GitHub Availability Report: January 2024
In January, we experienced three incidents that resulted in degraded performance across GitHub services.
In January, we experienced three incidents that resulted in degraded performance across GitHub services.
January 09 12:20 UTC (lasting 140 minutes)
On January 9 between 12:20 and 14:40 UTC, services in one of our three sites experienced elevated latency for connections. This led to a sustained period of timed-out requests across a number of services, including but not limited to our Git backend. An average of 5% and max of 10% of requests failed with a 5xx response or timed out during this period.

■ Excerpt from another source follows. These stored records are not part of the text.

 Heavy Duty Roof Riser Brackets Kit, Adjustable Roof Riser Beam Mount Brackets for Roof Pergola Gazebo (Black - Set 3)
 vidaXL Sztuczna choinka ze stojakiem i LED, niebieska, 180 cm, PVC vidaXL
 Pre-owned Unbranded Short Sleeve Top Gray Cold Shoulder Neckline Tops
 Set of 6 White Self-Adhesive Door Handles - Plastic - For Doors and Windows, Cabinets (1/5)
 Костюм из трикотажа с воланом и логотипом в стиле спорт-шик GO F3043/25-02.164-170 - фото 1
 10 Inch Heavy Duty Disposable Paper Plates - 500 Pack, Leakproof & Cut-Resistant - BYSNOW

This was caused by an upgrade of hosts, which led to temporarily reduced capacity as the upgrade rolled through the fleet. While these hosts had plenty of capacity to handle the increased load, we found that the configured connection limit was lower than it should have been. We have increased that limit to prevent this from recurring. We have also identified improvements to our monitoring of connection limits and behavior and changes to reduce the risk of host upgrades leading to reduced capacity.

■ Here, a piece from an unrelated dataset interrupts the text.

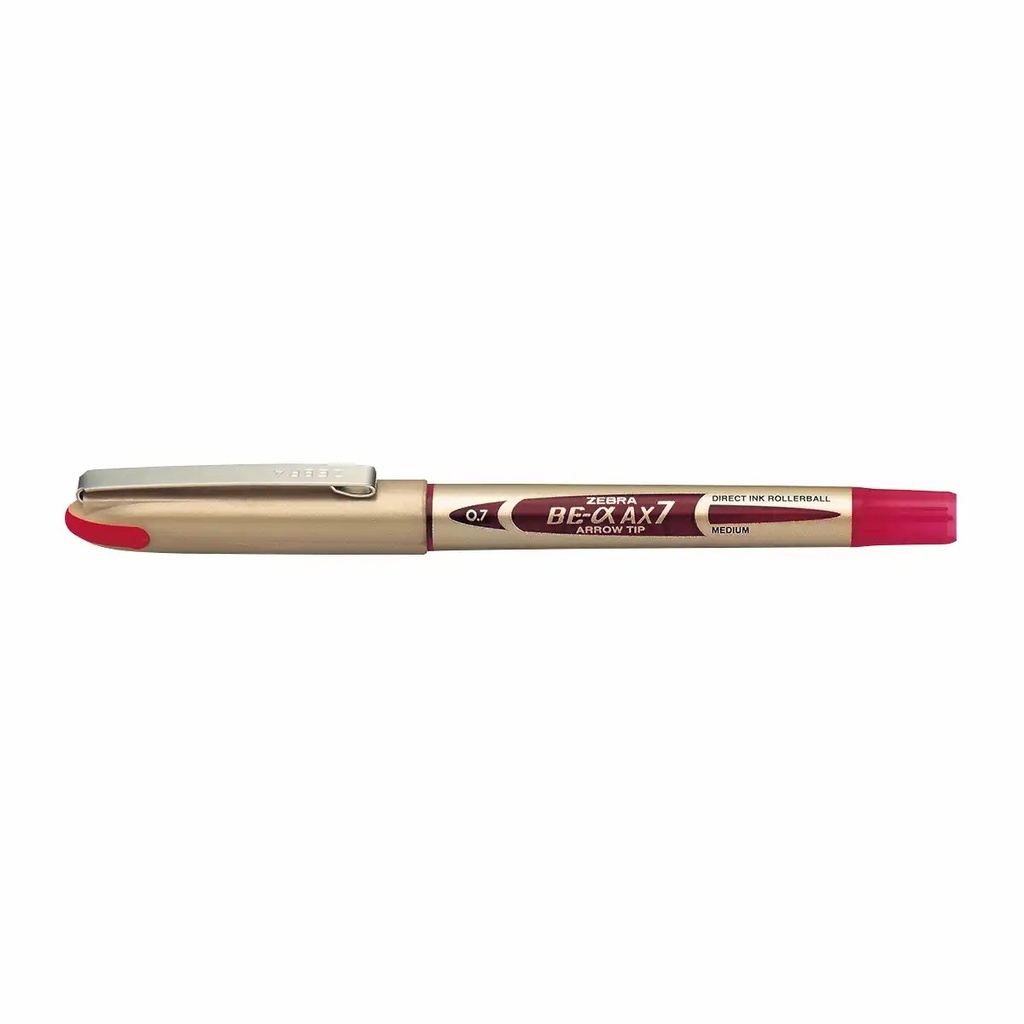 Roller Zebra Be-Alpha AX-7, Varf 0.7 mm, Cerneala Lichida, Rosu - Scriere Precisa si Confortabila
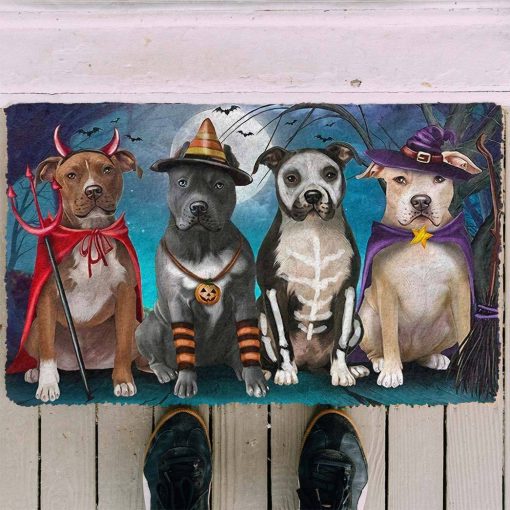 Gearhumans 3D Pit Bull Halloween Custom Doormat - Image 3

January 21 02:01 UTC (lasting 7 hours 3 minutes)
On January 21 at 2:01 UTC, we experienced an incident that affected customers using GitHub Codespaces. Customers encountered issues creating and resuming Codespaces in multiple regions due to operational issues with compute and storage resources.
Around 25% of customers were impacted, primarily in East US and West Europe. We re-routed traffic for Codespace creations to less impacted regions, but existing Codespaces in these regions may have been unable to resume during the incident.
By 7:30 UTC, we had recovered connectivity to all regions except West Europe, which had an extended recovery time due to increased load in that particular region. The incident was resolved on January 21 at 9:34 UTC once Codespace creations and resumes were working normally in all regions.
We are working to improve our alerting and resiliency to reduce the duration and impact of region-specific outages.
January 31 12:30 UTC (lasting 147 minutes)
On January 31, we deployed an infrastructure change to our load balancers in preparation towards our longer term goal of IPv6 enablement at GitHub.com. This change was deployed to a subset of our global edge sites. The change had the unintended consequence of causing IPv4 addresses to start being passed as an IPv4-mapped IPv6-compatible address (for example, 10.1.2.3 became ::ffff:10.1.2.3) to our IP Allow List functionality. While our IP Allow List functionality was developed with IPv6 in mind, it wasn’t developed to handle these mapped addresses, and hence, started blocking requests as it deemed these to be not in the defined list of allowed addresses. Request error rates peaked at 0.23% of all requests.
In addition to changes deployed to remediate the issues, we have taken steps to improve testing and monitoring to better catch these issues in the future.